Dix mille morts. Et encore, ce n’est qu’une estimation. Une estimation plutôt basse même, d’autres sources n’hésitant pas à évoquer 40 000 victimes. Il faut dire que le siège sera particulièrement long : durant quatre semaines, il est interdit de quitter la ville de Hama. Et impossible d’y entrer. A l’intérieur, une véritable boucherie est en cours. Et les bouchers aiment agir dans la discrétion.

A l’origine, il y a deux clans. D’un côté, les al-Assad. En 1970, Hafez, un militaire, prend le pouvoir à l’occasion d’un coup d’Etat. Après une longue période d’instabilité, il apporte un peu de calme au pays, en même temps qu’il instaure un régime autoritaire. Baas, sa formation politique, devient bientôt le parti unique. Et un instrument de contrôle extrêmement puissant : en quelques années, les Syriens se voient ôter leurs droits les plus fondamentaux.

En face, il y a les Frères musulmans. Sans doute leur confrérie est-elle la seule à encore pouvoir offrir quelque opposition au régime. Conscients de la disproportion des forces, les Frères n’affrontent jamais les forces syriennes de front ; ils préfèrent l’arme de la guérilla. Leurs cibles sont soigneusement choisies, patiemment suivies. En 1980, ils tentent d’éliminer le président. En vain.

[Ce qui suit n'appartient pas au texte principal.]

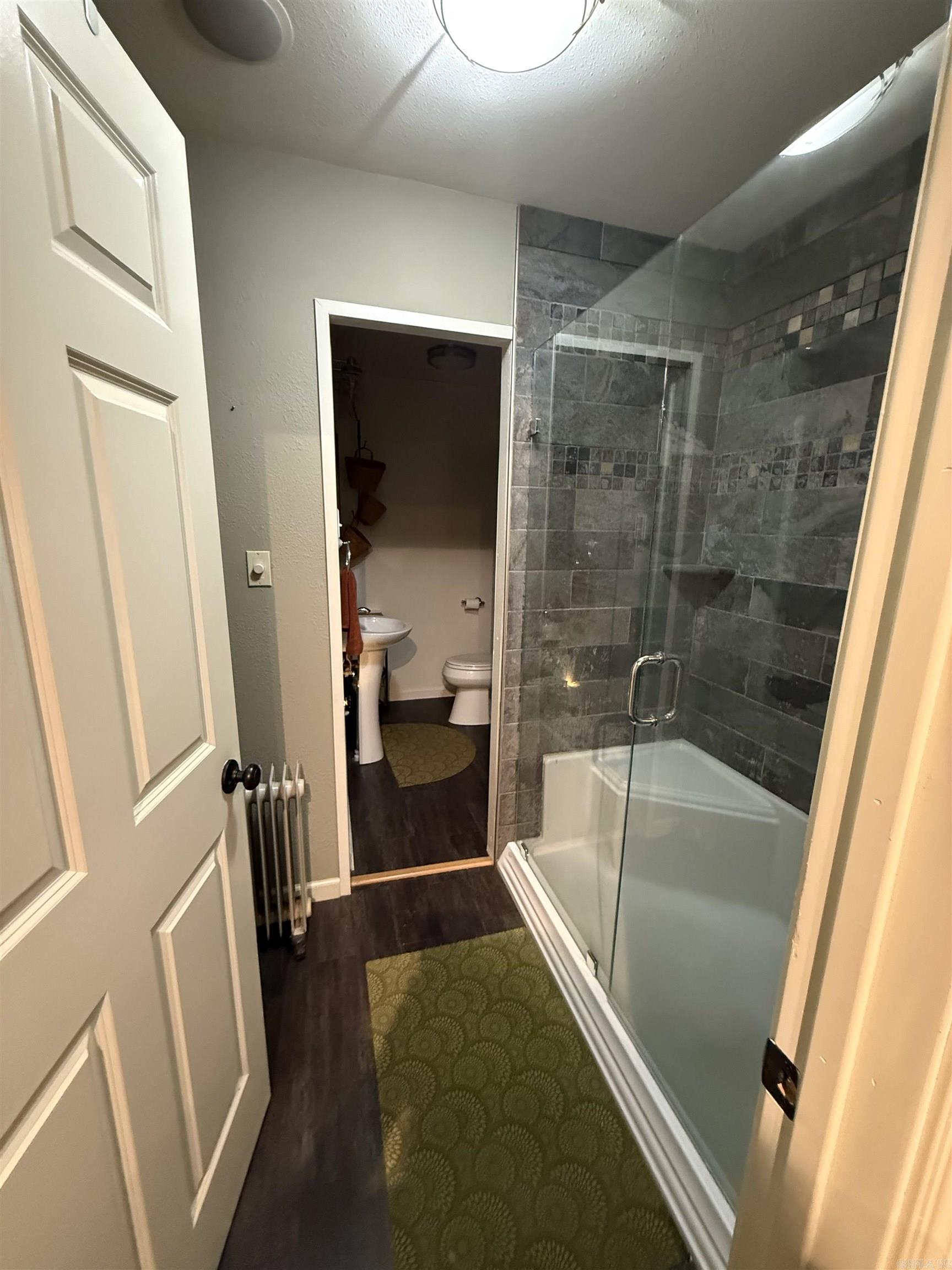 WILDWOOD TRAIL - Residential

L’escalade de la violence est puissante. Tandis que les attentats se multiplient, la fin se dessine, tragique, inéluctable. Le théâtre des opérations sera Hama –  » la rebelle  » comme on l’appelle. C’est dans la quatrième ville du pays que les Frères musulmans vont jouer leur va-tout. Après avoir éliminé de nombreux dirigeants locaux, ils proclament la ville  » libérée « . En agissant ainsi, ils viennent aussi de provoquer la fureur du  » Lion de Damas « .

Le 2 février, le président ordonne la mobilisation de 12 000 hommes. Une bonne partie d’entre eux sont placés sous les ordres de Rifaat, son frère. Au coeur de la nuit, les troupes commencent à pilonner la ville, et tentent d’y entrer par la route comme par les airs. Mais, bien qu’en minorité, les Frères se défendent. Ils ont pour eux l’avantage du terrain. Surtout, ils sont prêts à tout.

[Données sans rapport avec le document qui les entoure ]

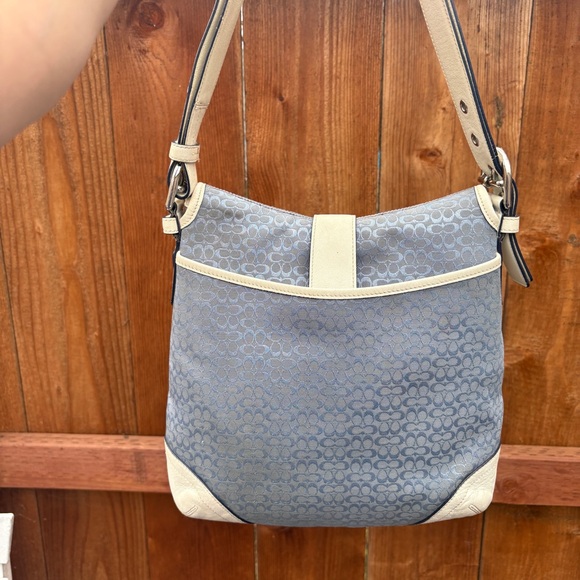 Coach purse - Picture 2 of 7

Les ingrédients sont réunis pour un carnage d’envergure. Les hommes d’al-Assad ne se contentent pas de neutraliser l’ennemi ; ils détruisent les deux tiers de la ville, mutilent leurs victimes, pillent, violent. Le 15 février, le ministre de la Défense annonce que la rébellion est matée. Mais il ajoute aussitôt que la ville demeurera assiégée jusqu’à nouvel ordre. Durant près d’un mois, Hama est seule. Coupés du monde, ses habitants ne reçoivent ni armes ni nourriture ni information de l’extérieur. Seuls quelques journalistes parviennent à entrer dans la ville ; de retour au pays, c’est à visage couvert qu’ils témoignent de ce qu’ils ont vu.

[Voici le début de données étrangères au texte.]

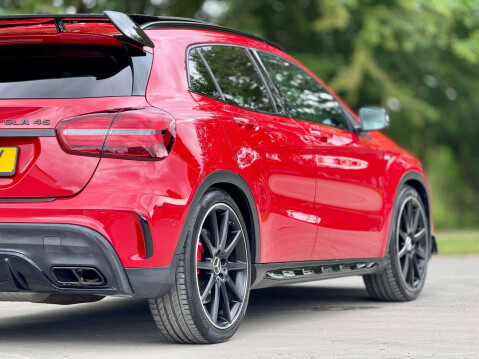 Mercedes-Benz GLA 2.0 GLA45 AMG 4Matic Auto 4WD 5dr 39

Le massacre de Hama n’est pas seulement un événement tragique ; c’est aussi un message adressé à toute la Syrie : les autorités n’aiment pas les opposants. Le message sera entendu durant de longues années. Ce n’est qu’en 2011 que la résistance reprendra les armes. Tout en provoquant une véritable guerre civile. Toujours en cours.